The Washington Post article “How For-Profit Prisons Have Becomes The Biggest Lobby No One Is Talking About” published April 28, 2015 confirmed that Corrections Corporation of America (CCA) and GEO, the two largest for-profit prison companies, collectively have donated $10 million to politicians, not just Rubio, since 1989. They also spent $25 million lobbying politicians since 1989.

I’m assuming this number only accounted for monies given directly to candidates, and not their Political Action Committees (PACs). Who knows how large that number is? This makes the private prison lobby a very powerful force in the political arena, up there near big oil and the NRA.

Federal election regulations limit the amount of donations private citizens and corporations can give directly to any candidate. Most politicians are skirting getting around that by having Political Action Committees (PACs) raise and spend money on their behalf. There used to be limits on the amount of funds that could be funneled that way, but the rules were lifted by the Obama administration early in the first term.

Here’s what the Washington Post reported on Rubio:

The U.S. senator has a history of close ties to the nation’s second-largest for-profit prison company, GEO Group, stretching back to his days as speaker of the Florida House of Representatives. While Rubio was leading the House, GEO received a state government contract for a $110 million prison. This occurred soon after Rubio hired an economic consultant who had been a trustee for a GEO real estate trust.

Marco Rubio has the distinction of being the recipient of the most campaign contributions from private prisons, having received $40,000 in campaign contributions from GEO as of April 2015.

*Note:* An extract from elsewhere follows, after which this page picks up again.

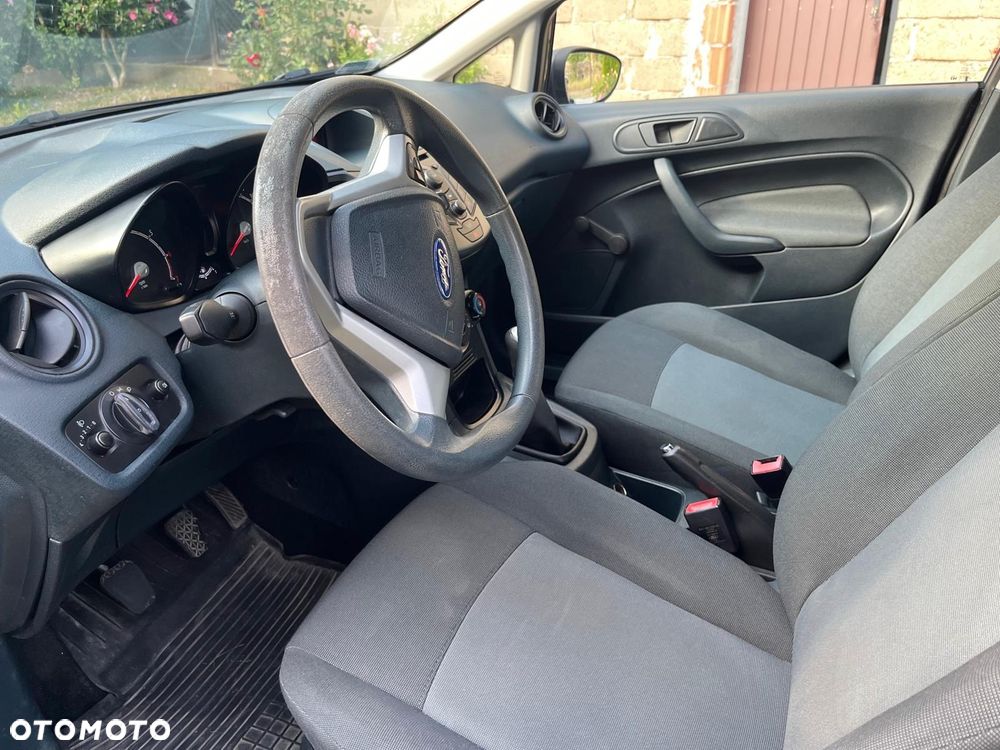Ford Fiesta 1.25 Ambiente - 18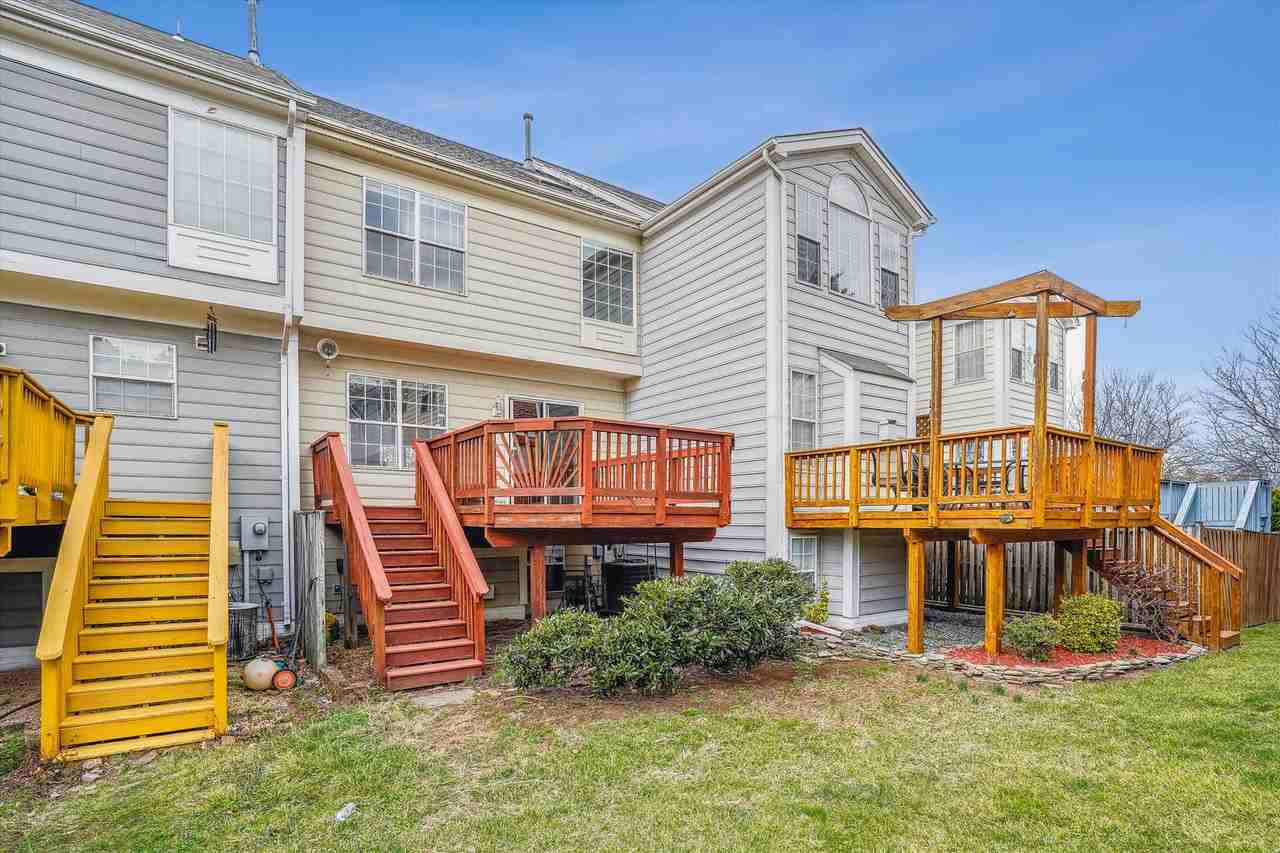 25404 Upper Clubhouse Dr - Photo 6 of 50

Funny, I thought politicians were more expensive than that. The sad thing is: how can anyone truly get fair judgement when big companies’ profit depends on a growing flow of people being incarcerated? Recently a judge was sentenced to prison after being convicted for receiving millions in bribes for sending young blacks to prison. They are overturning about 4,000 cases this judge ruled on because of it.

I’m a capitalist, and I don’t mind anyone making money, but not at the devastating cost that incarceration extracts on families and society. A felony conviction is a life sentence in the job market, forever keeping us from the best jobs. That’s why I advocate us starting our own businesses, start hiring people, and start building political influence to change the system.

We can’t expect the system that created the problems to fix it. That’s something we must do. We have to do it before the for-profit prisons buy enough politicians to perpetuate the poverty to prison pipeline, and the catastrophically high 75% recidivism plaguing our country.